I really have no inspiration for such a post as this. Life moves slowly and uneventfully when there's little to do but wake up and fall asleep to wake up and fall asleep and maybe for once dream. I've been watching people carefully for some time now, waiting for who knows what, but something is definitely captivating about them. Sometimes it seems it's just the way they move, lumbering or sliding or dancing, all hippy or swagger-like, sometimes the duck-footed are the most entertaining. Grace I think has lost it's true nature in most people's eyes as they wait for some innate extraordinary beauty to just exude from the everyday normal, but we can't all be cats in this way.
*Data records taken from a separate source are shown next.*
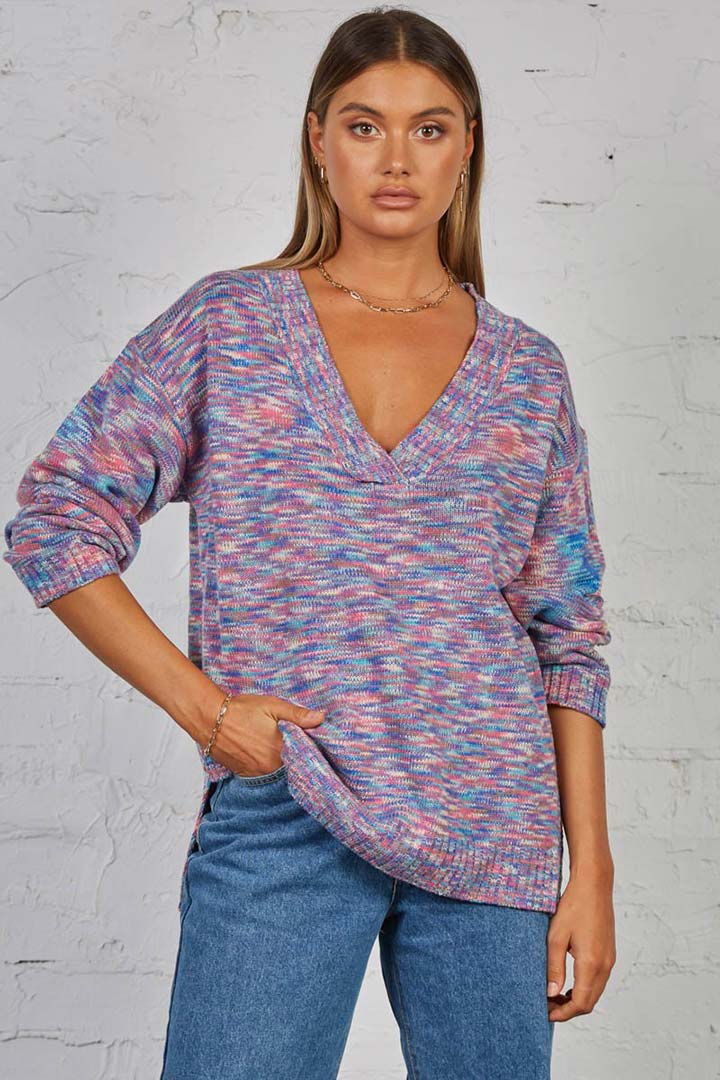 Picture of Alexis Knit-Multi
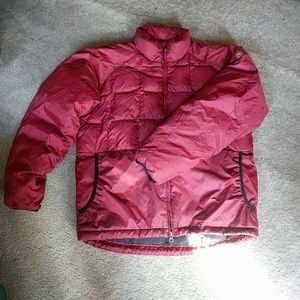 Timberland stow-n-go jacket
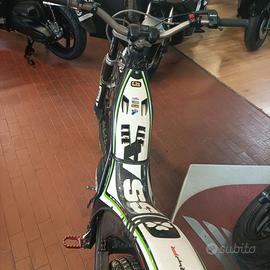 Ossa moto trial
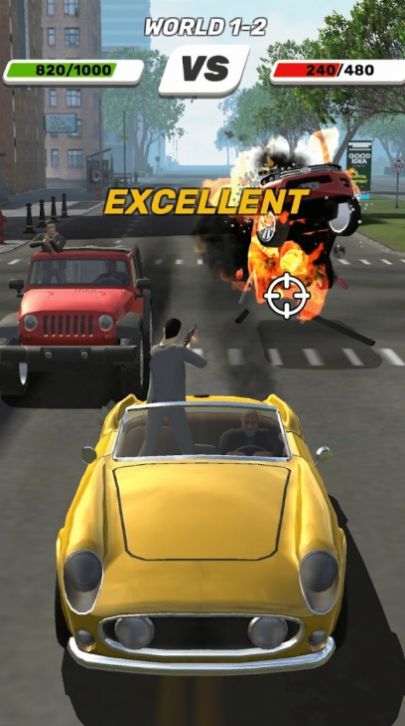 急速车战游戏正版安装包图片1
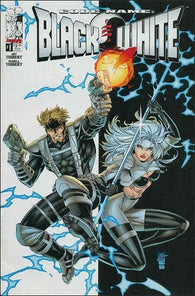 Black And White #1 by Image Comics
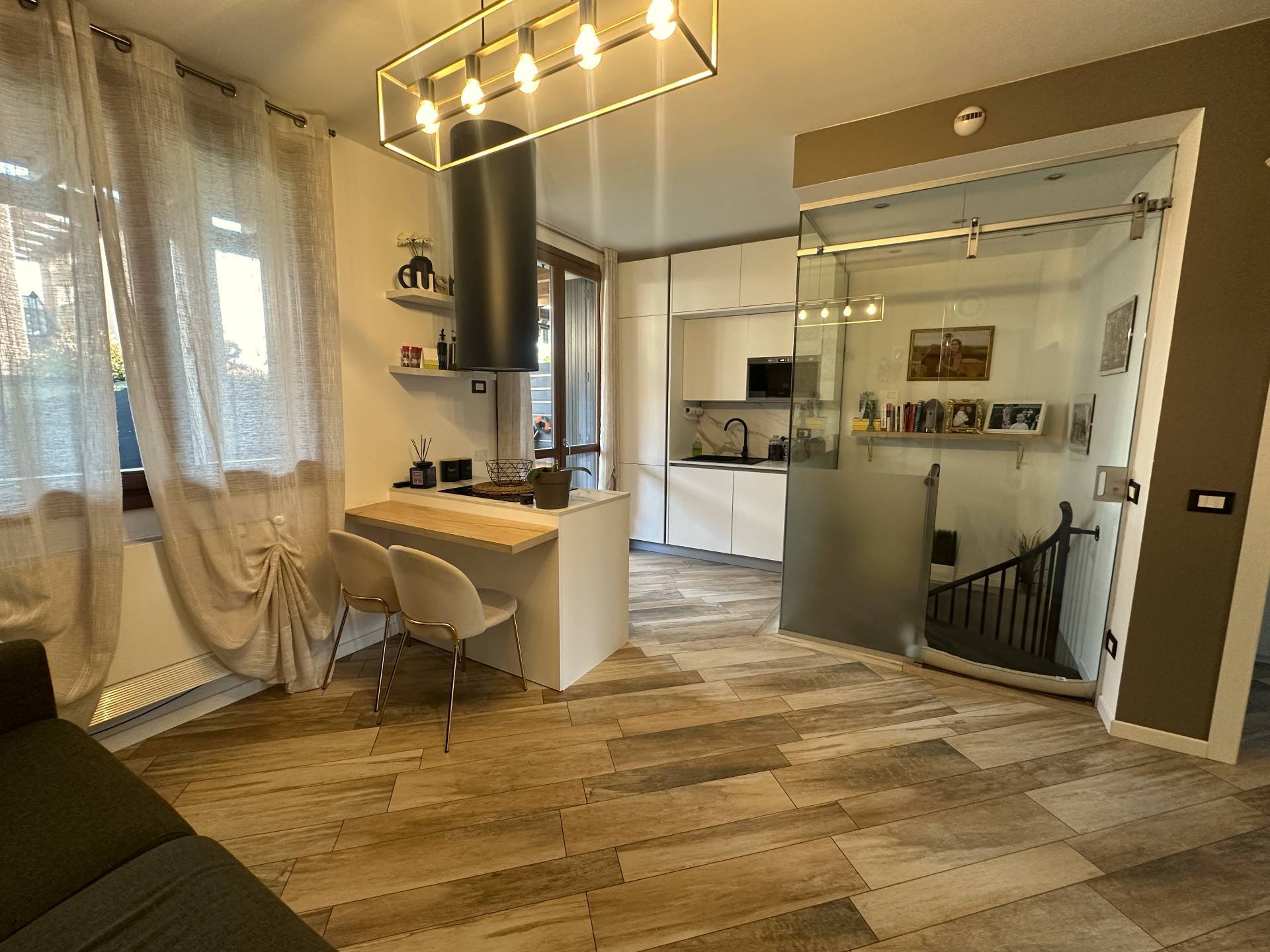 Appartamento in vendita a Madone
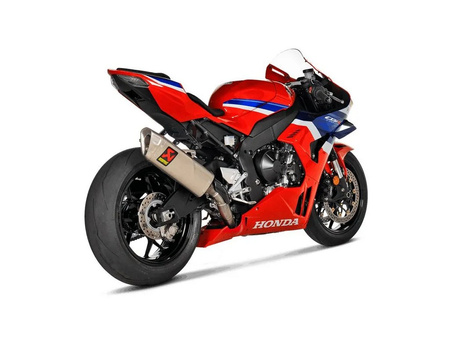Kompletny układ wydechowy Akrapovic Evolution Line Honda CBR1000RR-R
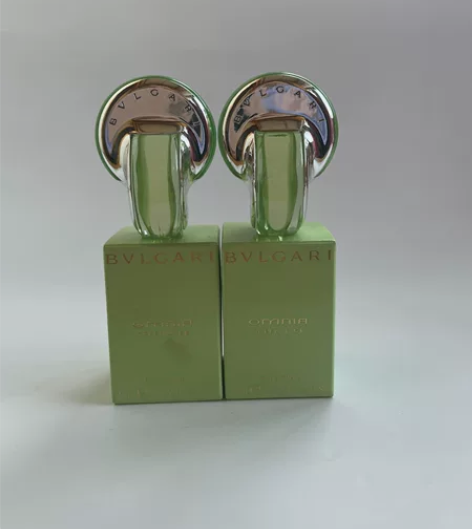 宝格丽绿晶香水q版5ml  全新未使用  ...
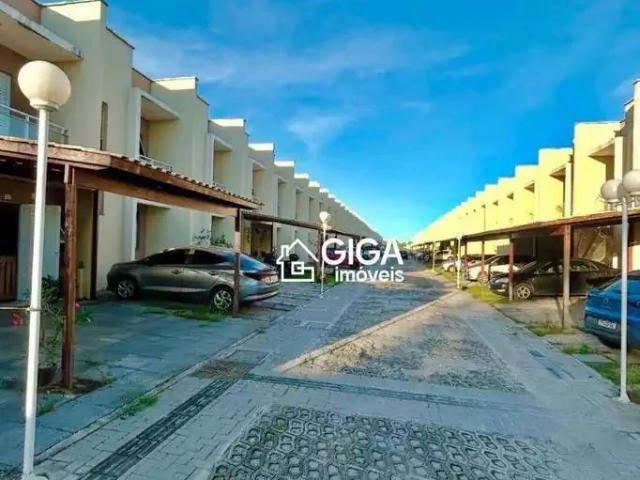 Casa / Sobrado em Condomínio para Venda em Fortaleza/CE Prefeito José Walter 3 Quartos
As I said, no real inspiration. I sat by the window for somewhere near an hour the other day just to see the traffic and smell the freshcut grass. The birds seemed to enjoy my prescence tucked behind a screen hunched over and looking down while they could merely flit away. The people never seemed to pleased always waiting for a flash of color change from the monochrome world they stare straight ahead and obey. Never questioning a damn thing. It's tiring to watch such simple creatures, which of course led to me making the drastic decision to unlazy myself and move to the couch and curl up with the afghan. Of course when you have no job there's never anything interesting on television so I spent hours on end absorbing repeats of trading spaces and movies seen at least twice previously. If my brain weren't already so small I'd say that I caused significant damage to it, but how would I know as it is.
I did have a brief thought at one point the other day, it even seemed significant but then I lost it somewhere between the kitchen stove and the water bottle not to mention the stupid plastic brown mousey looking thing that I stepped on in the hall. So easily distracted am I. I sat with the cds out watching as they flipped past shiney and circular like a little feestival of lights, but I couldn't settle on one or two or three. Again a side effect of utter boredom is just this sense of indecision, that and the laziness sets in. Alas, If only their were more faucets constantly running...
Who knows, when I woke up I decided against any movement from bed til at least mid afternoon, of course food ruined that. But perhaps I'll make up for it soon with a nap, just hop into the hammock and pass out for awhile with the tv on and the window open, I'll be all set. Maybe today the window will have something more to show than normal, or maybe I'll just venture outside. That is, if I can make it out the door and not get caught this time.